For this project we have a memory with 32 tracks and 512 nanowires.
The general format is "CPIM DST SRC OP BLOCKSIZE WRITE_OPERATION".
DST is the destination address which can be from $0 to $511.
SRC is the source address which can be from $0 to $511.
BLOCKSIZE is the number of nanowires used which is 512 for our case.
i) Write: ‘0’ is one of the types of write (‘write_op’) operation that will overwrite at the destination ‘dst’ after the TRd head or tail aligns with the ‘dst’ address. The data from the local buffer is overwrites the data at the ‘dst’ address and thus any previous information at ‘dst’ will be lost. This instruction is to be used adjoined with other operational instructions such as ‘AND’, ‘SHL’, ADD etc. The result after performing any operations at ‘src’ is stored in the local buffer temporarily and then overwritten at ‘dst’ according to ’0’.
ii) Transverse write at AP0: ‘1’ is a special type of write operation which represents transverse write at ‘AP 0’. This means that the data present within the TRd is shifted towards ‘AP 1’ by one row and then the shifted data is written at ‘dst’ address. In doing so, the data at ‘AP 1’ will be lost. This instruction is issued when there is a need to shift place data while keeping the head at the same address or to clear out old data.

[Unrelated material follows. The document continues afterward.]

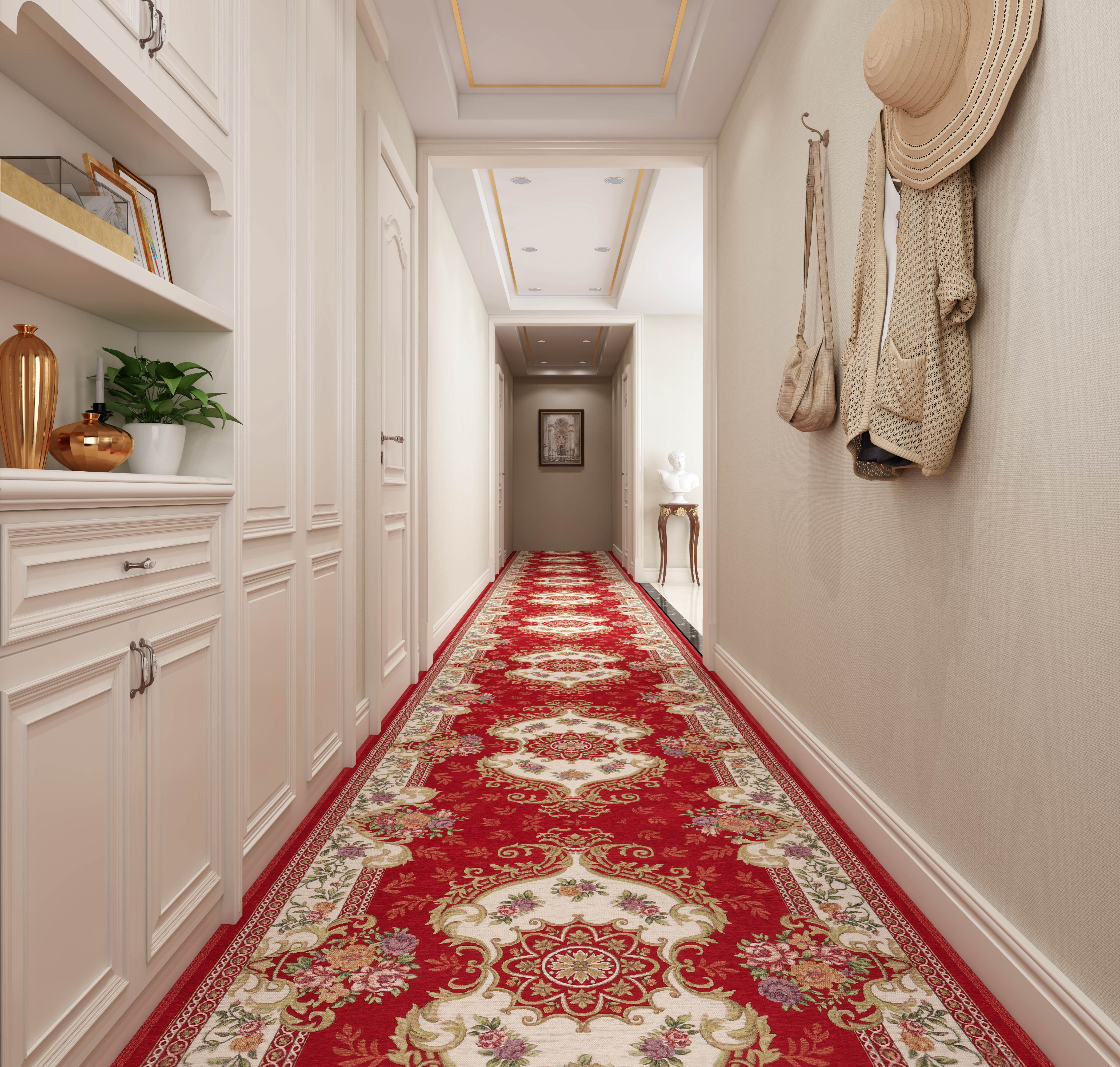 European-style household door mats simple entry door carpet porch corridor foot mats absorbent non-slip door mats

iii) Transverse write at AP1: ‘2’ is a special type of write operation which represents transverse write at ‘AP 1’. Similar to the above command, except data is shifted into AP1 and the data at ‘AP 0’ is lost instead.
iv) Transverse write at AP0 shift to bottom extremity: ‘3’ represents transverse write at ‘AP 0’, but instead of deleting the data at ‘AP 1’, it pushes it down by one row beyond the TR distance. This means that the entire data starting from ‘AP 0’, is shifted down by one address until the end of the nanowire. In doing so only, the last row of data at the end of the nanowire (512) will be lost when issued with this command.

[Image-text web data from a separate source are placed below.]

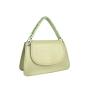 Summer leisure handbags for woman light green shoulder bag with woven handle elegant flap underarm bag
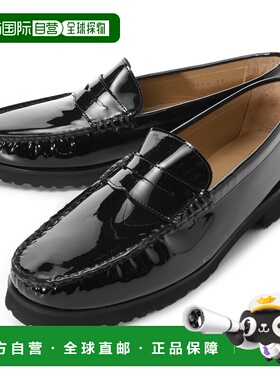 日本直邮PASCUCCI 女士黑色乐福鞋 Kia 7964 Charol Supersoft Ne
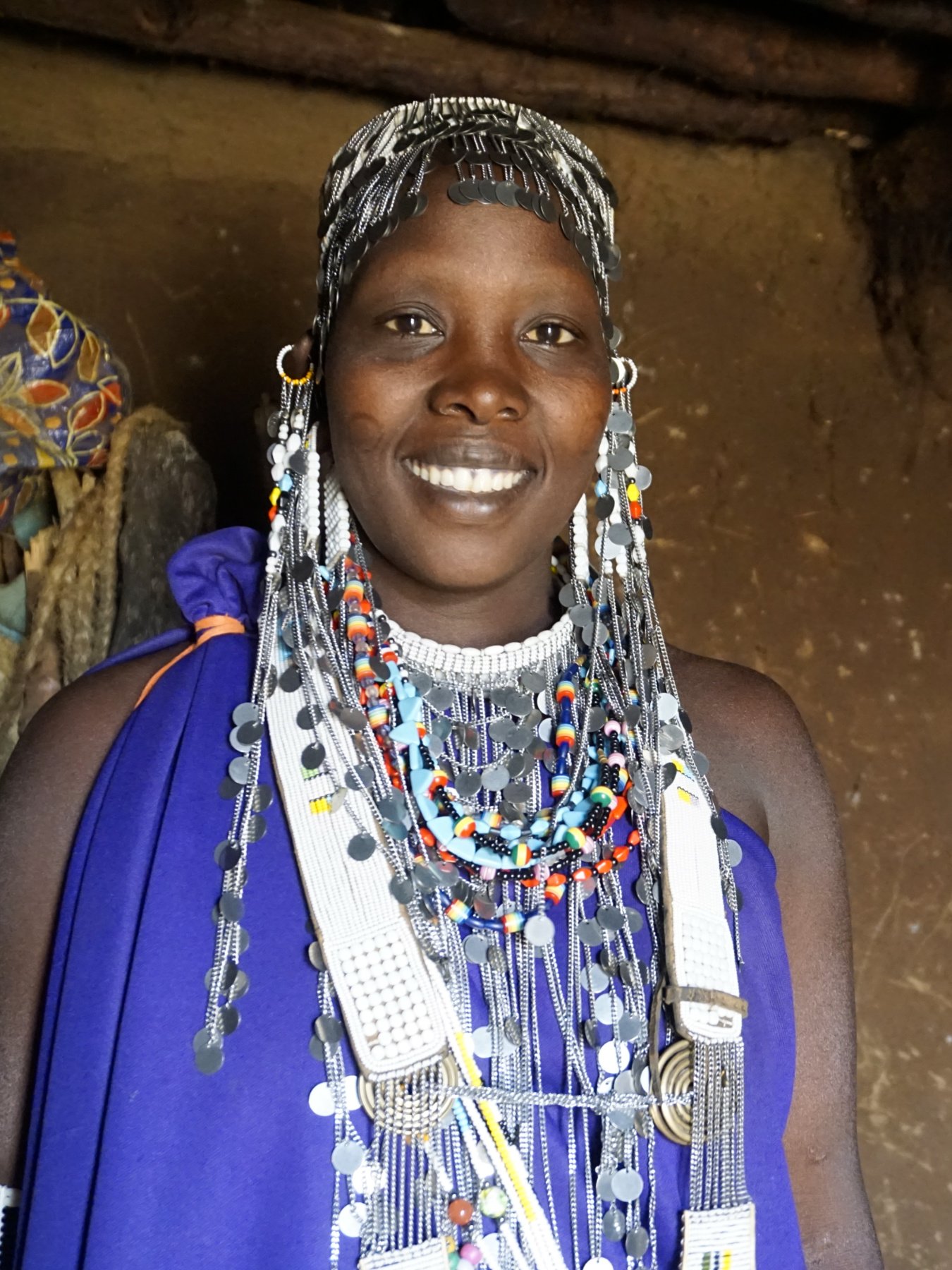 Maasai woman's wedding jewelry, Tanzania - Experiencing The Globe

v) Transverse write at AP1 shift to top extremity: ‘4’ represents transverse write at ‘AP 1’ and pushes the data at the track beyond the TR distance (above‘AP 0’) towards the top. This means all addresses beyond the TRd will be shifted up by one, with the top row being deleted entirely.
vi) Transverse write at AP0 shift to top extremity: ‘5’ represents transverse write at ‘AP 0’ and pushes the data up the track (above AP0) by one row. This will result in all data above ‘AP 0’ being shifted up by one, and the data at address 0 is lost.

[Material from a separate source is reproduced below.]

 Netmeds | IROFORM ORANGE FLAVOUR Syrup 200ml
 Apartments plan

vii) Transverse write at AP1 shift to bottom extremity: ‘6’ represents transverse write at ‘AP 1’ and pushes the data towards the bottom of the track below the TRd. This means that the data below ‘AP 1’ will be shifted downwards. In doing so only, the data at address 32 is deleted.
i) ‘STORE’: When issued with this instruction, the "data" is loaded from the CPU to the local buffer and then is written according to the write_op (0 - 6) after the TRd AP 0 or AP 1 aligns with the destination ’dst’ address. The peculiarity of this instruction is that the CPU data to be loaded can be supplied with the instruction. For example, " cpim $96 0xA24B791CEF6 STORE 512 0 " implies that Data=0xA24B791CEF6 will be written at address $96 after the closest of the AP’s aligns with $96.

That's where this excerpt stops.